The controversial pounds 750m superstructure, which is soaking up 20 per cent of the Millennium Commission's money, was conspicuous by its absence from a newly unveiled Internet website showing where the lottery-generated cash is being spent.

But was it cock-up or conspiracy? Was this the dawn of a two-year campaign of spin doctoring to convince the public that the Dome was never more than an absurd fantasy, the product of fevered, egomaniacal imaginations? The Commission insisted that the Dome's non-appearance was an administrative oversight rather than a deliberate attempt to play down its significance in favour of less contentious projects which have been overshadowed by publicity given to the New Millennium Experience.

Mike O'Connor, policy director, said: "It's a mistake, an oversight. It's not a conspiracy and it will be on there. We thought it was on there already and we expected it to be.
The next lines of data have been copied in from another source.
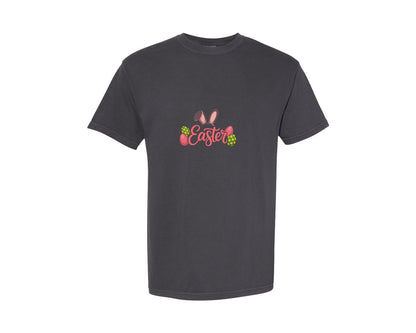 brand:Comfort Colors|color:Graphite|Faux Yarn Easter 3 Graphic T-Shirt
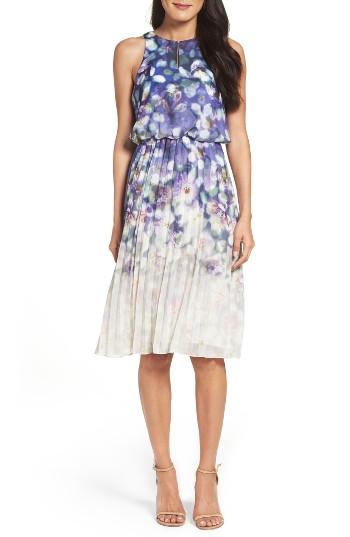 Women's Adrianna Papell Fading Splendor Blouson Dress
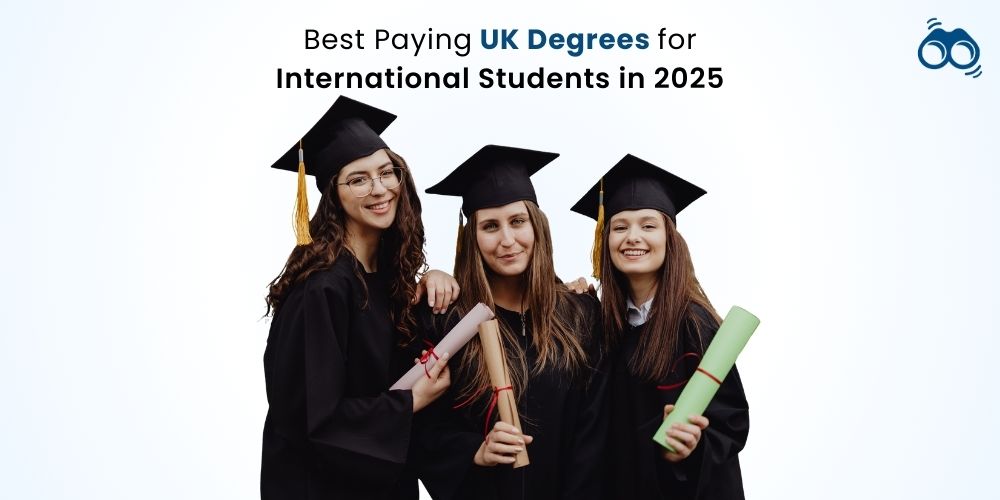 International students in the UK pursuing top-paying degrees with PR and job opportunities.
It will be on there." He said that the Dome would feature along with major capital projects being funded by the Commission as a "pin prick", which browsers could click on to find out more about its background.
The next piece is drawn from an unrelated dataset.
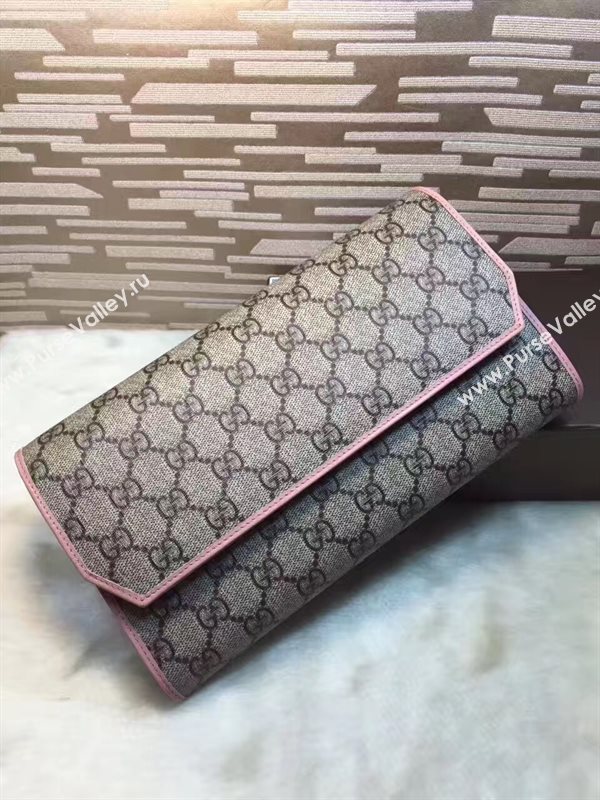 Gucci tri gray clutch GG bag 6276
The website also features the new logo for Commission-funded projects, a distorted blue "M" hovering over an orange crescent. Suggestions that it looked like an M for Mandelson rising above a Dome were dismissed by officials who said it symbolised the dawning of the new Millennium.

But if the Millennium Commission really is serious about putting the Dome on to the website, why doesn't it take a truly radical stance and put it only on the website? If the picture of their most cherished project looked nice on the Internet, why not let that virtual Dome replace the real thing? How grand it would look in 3-D colour. We could all visit the Dome without having to worry about whether the Jubilee line extension was up and running. Sir Cameron Mackintosh could have whatever lavish spectacle he liked, courtesy of state-of-the-art computer graphics. Peter Mandelson could spin doctor the opening in cyberspace. It would definitely be ready on time. And the country would save pounds 750m.